While Interstellar has been out for over a week I was unable to see it until this last Sunday night and wanted to see it in a full size IMAX theater. I went to see it at the Edwards Irvine Spectrum IMAX theater that opened in 1995 and the screen dimensions are 90 feet wide and 65 feet tall and is one of 3 venues in Southern California that can play both the IMAX film and digital format. The other two being Universal City Walk and Ontario Mills being the other two. The Mann’s Chinese Theater in Hollywood was recently retrofitted with an IMAX screen with its dimensions of 94 feet wide and 46 feet tall.
Interstellar is a film by Christopher Nolan and has over an hour of footage shot in the full IMAX aspect ratio and was entirely shot on film.
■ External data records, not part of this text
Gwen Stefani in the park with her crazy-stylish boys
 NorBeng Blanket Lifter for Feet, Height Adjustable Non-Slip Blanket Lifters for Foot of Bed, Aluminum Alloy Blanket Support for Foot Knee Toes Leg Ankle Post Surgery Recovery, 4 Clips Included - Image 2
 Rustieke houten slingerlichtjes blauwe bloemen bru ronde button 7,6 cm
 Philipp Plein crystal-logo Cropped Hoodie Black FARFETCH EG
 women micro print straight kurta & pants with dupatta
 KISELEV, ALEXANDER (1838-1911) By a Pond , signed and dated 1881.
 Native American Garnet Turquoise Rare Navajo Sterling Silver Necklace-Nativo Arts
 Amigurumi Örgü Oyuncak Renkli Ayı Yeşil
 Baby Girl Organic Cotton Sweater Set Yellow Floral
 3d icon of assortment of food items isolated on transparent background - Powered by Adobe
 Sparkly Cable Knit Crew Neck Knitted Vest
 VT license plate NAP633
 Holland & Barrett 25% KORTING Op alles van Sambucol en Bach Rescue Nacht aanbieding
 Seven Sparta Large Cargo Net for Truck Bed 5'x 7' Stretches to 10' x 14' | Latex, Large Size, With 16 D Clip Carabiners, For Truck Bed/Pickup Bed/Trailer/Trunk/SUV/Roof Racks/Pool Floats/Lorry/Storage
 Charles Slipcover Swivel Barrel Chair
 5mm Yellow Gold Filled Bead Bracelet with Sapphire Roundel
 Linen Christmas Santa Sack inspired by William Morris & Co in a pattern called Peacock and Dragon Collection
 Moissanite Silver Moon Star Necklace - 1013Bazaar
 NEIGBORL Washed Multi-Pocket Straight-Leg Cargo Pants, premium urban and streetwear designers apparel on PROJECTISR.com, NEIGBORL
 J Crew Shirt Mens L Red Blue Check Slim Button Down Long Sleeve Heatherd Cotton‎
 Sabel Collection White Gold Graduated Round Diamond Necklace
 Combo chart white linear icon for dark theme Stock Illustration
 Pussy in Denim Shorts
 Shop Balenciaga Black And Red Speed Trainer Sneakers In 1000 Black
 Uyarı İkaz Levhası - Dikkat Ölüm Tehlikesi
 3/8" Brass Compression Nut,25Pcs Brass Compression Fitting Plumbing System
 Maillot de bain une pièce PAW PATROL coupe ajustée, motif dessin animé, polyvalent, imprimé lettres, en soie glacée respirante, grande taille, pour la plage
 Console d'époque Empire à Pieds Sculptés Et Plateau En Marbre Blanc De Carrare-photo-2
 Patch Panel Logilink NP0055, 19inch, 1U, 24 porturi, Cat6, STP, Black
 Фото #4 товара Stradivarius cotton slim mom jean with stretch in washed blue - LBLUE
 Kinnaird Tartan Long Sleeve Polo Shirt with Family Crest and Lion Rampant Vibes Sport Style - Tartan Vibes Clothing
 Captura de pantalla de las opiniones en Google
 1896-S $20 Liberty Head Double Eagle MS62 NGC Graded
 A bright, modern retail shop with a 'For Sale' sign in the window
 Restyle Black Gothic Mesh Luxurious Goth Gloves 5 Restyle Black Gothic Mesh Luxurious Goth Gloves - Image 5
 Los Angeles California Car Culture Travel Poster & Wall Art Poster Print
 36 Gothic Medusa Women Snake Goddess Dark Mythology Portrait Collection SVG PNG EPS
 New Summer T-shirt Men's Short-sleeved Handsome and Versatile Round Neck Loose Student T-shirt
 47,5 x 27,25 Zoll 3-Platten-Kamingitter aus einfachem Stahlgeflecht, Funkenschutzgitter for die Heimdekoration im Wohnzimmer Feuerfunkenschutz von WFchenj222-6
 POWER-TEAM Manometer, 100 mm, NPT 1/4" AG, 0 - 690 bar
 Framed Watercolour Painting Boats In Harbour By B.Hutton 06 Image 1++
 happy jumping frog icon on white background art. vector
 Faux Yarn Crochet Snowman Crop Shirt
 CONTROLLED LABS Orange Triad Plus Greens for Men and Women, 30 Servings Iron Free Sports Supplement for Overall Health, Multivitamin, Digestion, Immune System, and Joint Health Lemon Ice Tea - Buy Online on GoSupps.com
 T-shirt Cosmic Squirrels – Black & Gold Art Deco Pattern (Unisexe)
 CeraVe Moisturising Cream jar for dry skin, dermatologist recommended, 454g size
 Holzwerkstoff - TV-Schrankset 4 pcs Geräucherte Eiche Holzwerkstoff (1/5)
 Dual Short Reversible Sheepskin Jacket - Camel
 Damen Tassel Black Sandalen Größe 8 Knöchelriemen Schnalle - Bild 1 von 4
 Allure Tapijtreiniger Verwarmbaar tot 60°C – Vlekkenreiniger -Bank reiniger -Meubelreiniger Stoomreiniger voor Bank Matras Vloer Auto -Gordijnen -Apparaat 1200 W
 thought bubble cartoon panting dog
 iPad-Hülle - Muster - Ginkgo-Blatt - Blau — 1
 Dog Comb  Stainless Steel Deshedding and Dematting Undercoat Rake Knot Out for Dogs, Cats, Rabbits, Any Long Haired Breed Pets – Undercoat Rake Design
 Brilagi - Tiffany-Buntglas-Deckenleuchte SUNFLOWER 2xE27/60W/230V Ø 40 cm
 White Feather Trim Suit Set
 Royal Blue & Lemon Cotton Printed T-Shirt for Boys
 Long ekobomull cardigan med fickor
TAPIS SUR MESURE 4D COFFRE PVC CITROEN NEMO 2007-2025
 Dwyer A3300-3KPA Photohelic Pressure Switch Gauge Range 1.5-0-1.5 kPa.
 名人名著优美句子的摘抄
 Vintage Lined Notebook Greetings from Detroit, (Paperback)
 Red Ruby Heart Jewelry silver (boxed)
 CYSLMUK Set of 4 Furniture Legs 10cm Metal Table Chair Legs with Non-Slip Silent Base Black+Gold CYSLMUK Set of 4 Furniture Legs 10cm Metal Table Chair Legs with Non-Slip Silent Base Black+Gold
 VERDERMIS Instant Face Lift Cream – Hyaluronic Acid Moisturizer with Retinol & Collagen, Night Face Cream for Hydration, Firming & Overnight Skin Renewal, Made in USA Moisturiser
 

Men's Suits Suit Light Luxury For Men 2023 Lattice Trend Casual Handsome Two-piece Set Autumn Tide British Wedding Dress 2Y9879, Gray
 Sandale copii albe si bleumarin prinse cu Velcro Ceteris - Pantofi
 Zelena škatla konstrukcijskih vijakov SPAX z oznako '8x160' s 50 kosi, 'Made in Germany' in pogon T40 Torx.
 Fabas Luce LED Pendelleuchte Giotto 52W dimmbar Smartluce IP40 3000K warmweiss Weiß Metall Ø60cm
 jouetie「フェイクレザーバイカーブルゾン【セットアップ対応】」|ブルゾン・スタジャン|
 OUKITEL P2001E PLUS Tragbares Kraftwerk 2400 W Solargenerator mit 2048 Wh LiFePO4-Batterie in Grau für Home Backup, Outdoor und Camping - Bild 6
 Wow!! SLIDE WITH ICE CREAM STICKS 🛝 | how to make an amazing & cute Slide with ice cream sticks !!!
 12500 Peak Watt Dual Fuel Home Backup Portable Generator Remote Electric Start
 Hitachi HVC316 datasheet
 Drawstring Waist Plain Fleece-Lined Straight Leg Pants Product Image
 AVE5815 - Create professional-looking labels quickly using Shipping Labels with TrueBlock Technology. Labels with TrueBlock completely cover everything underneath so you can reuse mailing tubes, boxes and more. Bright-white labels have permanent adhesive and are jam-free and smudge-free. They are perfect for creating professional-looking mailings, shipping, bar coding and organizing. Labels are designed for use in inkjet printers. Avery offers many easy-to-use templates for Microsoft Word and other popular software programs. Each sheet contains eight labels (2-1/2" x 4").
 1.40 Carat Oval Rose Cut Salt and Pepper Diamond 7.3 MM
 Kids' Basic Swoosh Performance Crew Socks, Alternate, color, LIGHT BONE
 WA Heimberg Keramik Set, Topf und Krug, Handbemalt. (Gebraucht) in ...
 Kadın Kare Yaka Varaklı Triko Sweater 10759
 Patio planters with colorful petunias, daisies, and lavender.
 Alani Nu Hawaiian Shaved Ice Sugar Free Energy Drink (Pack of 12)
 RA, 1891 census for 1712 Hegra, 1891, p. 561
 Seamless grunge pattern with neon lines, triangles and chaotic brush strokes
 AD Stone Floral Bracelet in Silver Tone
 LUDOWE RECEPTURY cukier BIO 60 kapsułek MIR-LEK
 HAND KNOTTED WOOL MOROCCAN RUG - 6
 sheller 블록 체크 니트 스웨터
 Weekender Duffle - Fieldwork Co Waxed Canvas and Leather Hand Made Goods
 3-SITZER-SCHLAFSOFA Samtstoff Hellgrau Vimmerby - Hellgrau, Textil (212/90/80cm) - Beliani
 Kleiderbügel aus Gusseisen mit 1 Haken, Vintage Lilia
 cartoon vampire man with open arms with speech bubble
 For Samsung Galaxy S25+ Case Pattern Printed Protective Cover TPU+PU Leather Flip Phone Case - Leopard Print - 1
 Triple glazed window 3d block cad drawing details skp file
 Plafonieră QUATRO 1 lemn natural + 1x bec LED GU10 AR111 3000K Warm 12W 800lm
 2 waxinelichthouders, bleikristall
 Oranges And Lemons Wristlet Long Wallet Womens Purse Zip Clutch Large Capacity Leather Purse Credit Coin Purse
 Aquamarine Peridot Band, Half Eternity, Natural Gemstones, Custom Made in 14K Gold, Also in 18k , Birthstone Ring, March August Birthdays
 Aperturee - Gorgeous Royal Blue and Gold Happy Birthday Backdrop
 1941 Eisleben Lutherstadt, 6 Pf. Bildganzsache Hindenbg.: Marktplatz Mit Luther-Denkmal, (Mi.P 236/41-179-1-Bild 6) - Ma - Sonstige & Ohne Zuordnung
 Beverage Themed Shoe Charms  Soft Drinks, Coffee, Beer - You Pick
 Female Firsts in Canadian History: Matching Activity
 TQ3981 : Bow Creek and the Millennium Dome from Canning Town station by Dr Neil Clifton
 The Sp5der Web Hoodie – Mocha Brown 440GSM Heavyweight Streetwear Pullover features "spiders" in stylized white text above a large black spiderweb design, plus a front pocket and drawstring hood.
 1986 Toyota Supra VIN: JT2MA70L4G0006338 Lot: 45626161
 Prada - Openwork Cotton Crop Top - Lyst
The aspect ratios are 1.44 : 1 (some scenes: IMAX 70 mm version) 1.90 : 1 (some scenes: IMAX digital version) 2.20 : 1 (70 mm version) 2.35 : 1 (non IMAX scenes) and the film used was 35 mm (also horizontal) (Kodak Vision3 250D 5207, Vision3 500T 5219) 65 mm (horizontal) (Kodak Vision3 250D 5207, Vision3 500T 5219) and has a 5.1 Dolby Digital sound mix with a running time of 169 minutes.
The plot of the film is, In the near future, Earth has been devastated by drought and famine, causing a scarcity in food and extreme changes in climate. When humanity is facing extinction, a mysterious rip in the space-time continuum is discovered, giving mankind the opportunity to widen its lifespan. A group of explorers must travel beyond our solar system in search of a planet that can sustain life. The crew of the Endurance are required to think bigger and go further than any human in history as they embark on an interstellar voyage into the unknown. Coop, the pilot of the Endurance, must decide between seeing his children again and the future of the human race.
Interstellar is one of those rare films that not only is a tent-pole studio film but is the exception to the rule that has a story that is rarely found in big budget features. Nolan understands what make going to the cinema and experiencing film can be like. Interstellar is not a cookie cutter or pre packaged sequel, remake, based on a comic or book tent-pole. While there are shades of 2001 A Space Odyssey visually Nolan and his brother Jonathan script is everything that you could want out of an epic science fiction film. The thing that is most impressive about the film is that it runs nearly 3 hours and I never once looked at the time or felt board with the pacing that is spot on. The script is very snappy and the dialog never feels forced or unneeded or extraneous. While the film is not the greatest film I have ever seen in my life and there are some minor flaws in the film, it does have one thing that has been missing from most tent-pole studio films. It is an experience. What I mean is that the film leaves a very strong impression on you when it’s over. This is what good films can do to you. Most blockbuster studio films are disposable and interchangeable now. They all feel and look the same with little room for story or acting. They are like eating candy because it’s fun while you are eating it but after an hour your hungry again. Interstellar leaves you with a sense of wonder and amazement and leaves you thinking about it long after you have seen it.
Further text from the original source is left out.